Opened 10 months ago
Last modified 9 months ago
#59868 new defect (bug)
Database insert with emoji fails when table has columns with both utf8mb3 (utf8) and utf8mb4 charsets
Reported by: | ianmjones | Owned by: | |
---|---|---|---|
Milestone: | Future Release | Priority: | normal |
Severity: | normal | Version: | 4.2 |
Component: | Charset | Keywords: | needs-patch needs-unit-tests |
Focuses: | Cc: |
Description
The wpdb::get_table_charset()
function currently sets the charset to utf8
when it detects that both utf8
and utf8mb4
charsets are present in the table's column definitions.
That same function also swaps in utf8
for utf8mb3
as they are effectively the same thing.
This means that the wpdb::strip_invalid_text_from_query()
function used early by the wpdb::query()
function to determine whether text is safe to be inserted, ends up stripping utf8mb4
safe characters because it forces the use of utf8
in the called wpdb::strip_invalid_text()
function.
This results in insert queries failing where a table has columns with both utf8mb3/utf8
and utf8mb4
collations used, and there are emojis or other 4 byte characters being used in the column that has a utf8mb4
charset and collation defined.
I propose that the wpdb::get_table_charset()
function should use utf8mb4
as the returned charset when it detects that 2 charsets are defined on the table, and they are utf8
and utf8mb4
, instead of the current behaviour of returning utf8
.
I think the first step for this is an automated test to demonstrate the issue.
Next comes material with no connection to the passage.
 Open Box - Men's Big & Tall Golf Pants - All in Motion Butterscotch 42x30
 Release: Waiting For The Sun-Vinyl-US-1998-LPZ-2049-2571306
This might only affect specific versions of MySQL or MariaDB, so it would be good to know if this is an all version bug or a specific version one. Once there is a test and it's known, I think this can get moved into a milestone. Depending on the scope of the fix, it may also need the
early
tag but I think it's too early for that decision.Updating the version to 4.2 since that is when utf8mb support was added and from the description, it sounds like something that has been around since then.